Figuring out CTR for millions of ads placed in a certain sequence, Multiplying it by CPC, storing the data, and then using it to position ads is a tremendous amount of data to be processing, and to be using in real time situations the rate of millions per day. It certainly may be the way adsense ads are published, but i have a feeling that bid price has more to do with it than that model sugests.
My results with adsense have lead me to never ban any set of ads, i have no competitors since i don't sell anything, so i leave all ads open. I feel if i start blocking ads my earnings potential for that page decreased somewhat by lowering the CPC per ad, which would require a drastic increase in CTR to equal the same earnings. One day a few weeks back i plugged in my CTR rate into the trusty TI-92 and calculated the average y value to see my average CTR over the course of my adsense participation. I would find it suprising if i could increase that number by 25% if i blocked ads that would have 1/4 the CPC of the ones i blocked. My non-scientific reasoning would lead me to belive that it is wiser to take higher CPC than it is to ban them in hopes for a higher CTR as a result.
Adsense posotioning methods is soundling more and more like google algo theories!

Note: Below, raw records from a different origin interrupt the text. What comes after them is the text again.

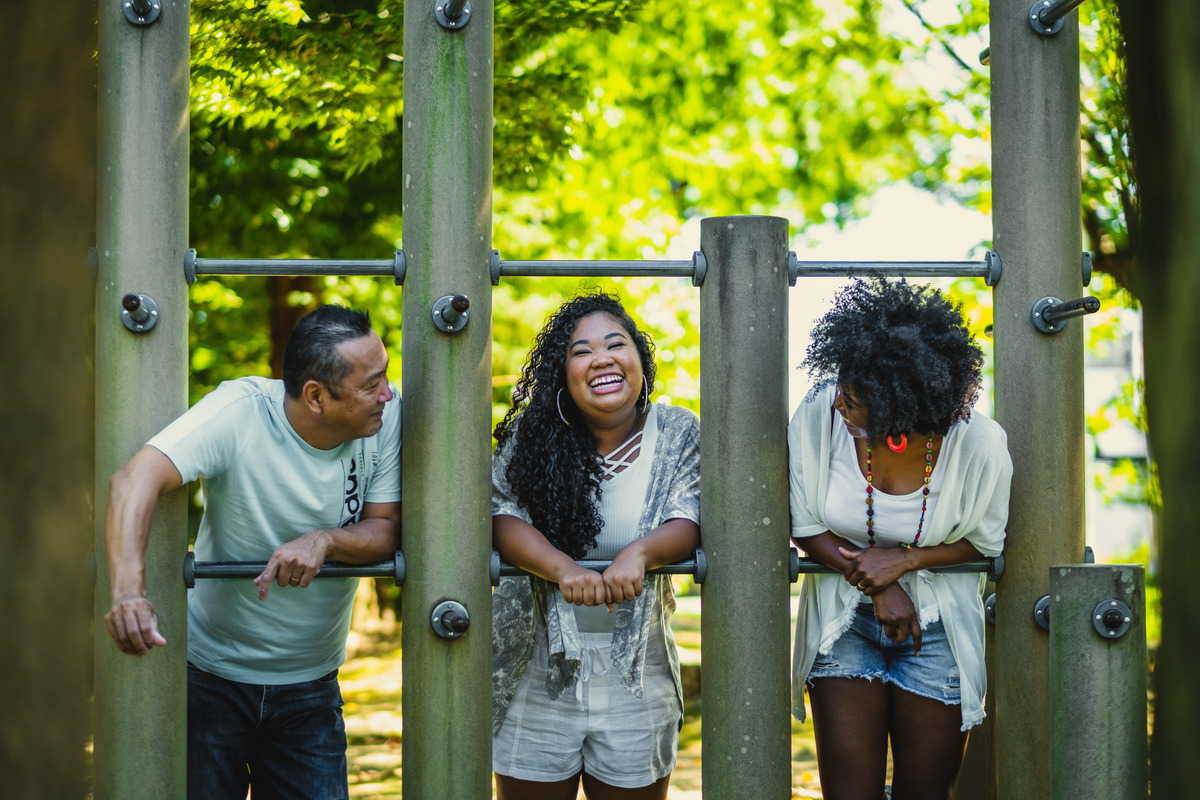ensaio de familia no japao, ensaio fotografico familiar no japao, ensaio diferente no japao, fotografo de familia no japao, fotografo no japao
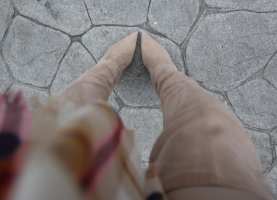 IMG_8390.JPG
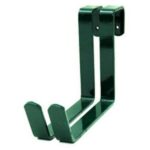 Autopot Window Box hook on Wall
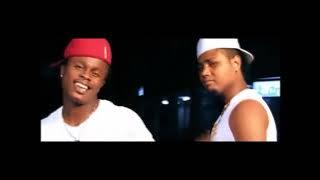 Abdu Kiba Feat  Nay and Neiba - Uyoo Sio Demu Extended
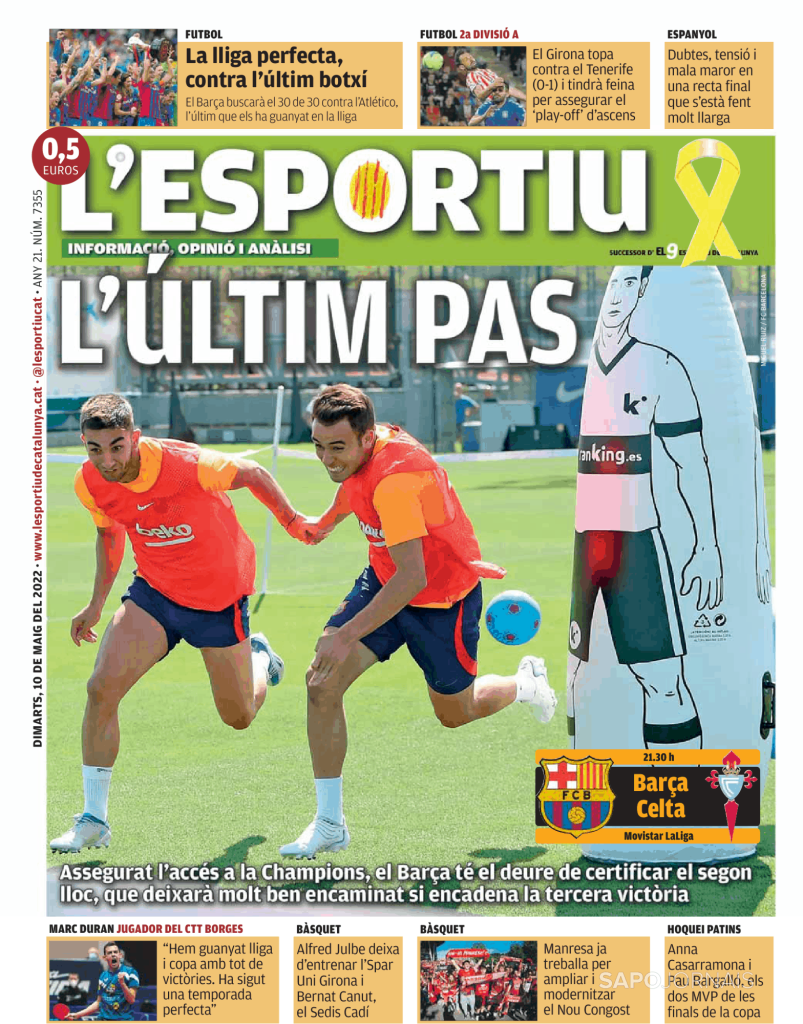 1896 44be36611d281c1c0bfd8cc25fafd029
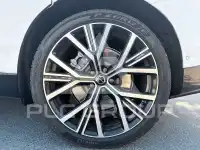 2026 Volvo S90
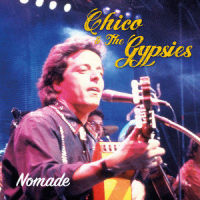 Hace Me L'amor_Chico & The Gypsies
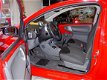 Toyota Aygo - 1.0-12V Sport met AIRCO - 1 - Thumbnail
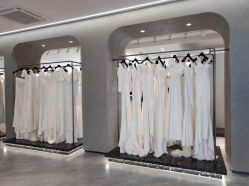 点击看大图 -今生有约国际精品婚纱摄影(苏州店)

I was wondering if it's too paranoid to think that
Google might be reducing payouts or granting discounts
to advertisers. I doubt its the latter. Perhaps the former.
europeforvisitors has given a very good response. I only play in this game with just 5-6 pages tagged, so I usually see the microscopic revenue a few minutes after the new US day has dawned, i.e. a single click. Knowing AdWords' minimum CPC, I can confirm that Google has NOT reduced the payout %.
My meagre earnings seem to go through cycles and the last 3 weeks have been rock bottom. I tend to believe the SERPs have a lot to do with it.
From the advertiser's side I can also see that there is no pattern to the performance of content matching versus search - some keywords are signing up customers only via content match and others via the usual route. I cannot risk turning off content match and search partners.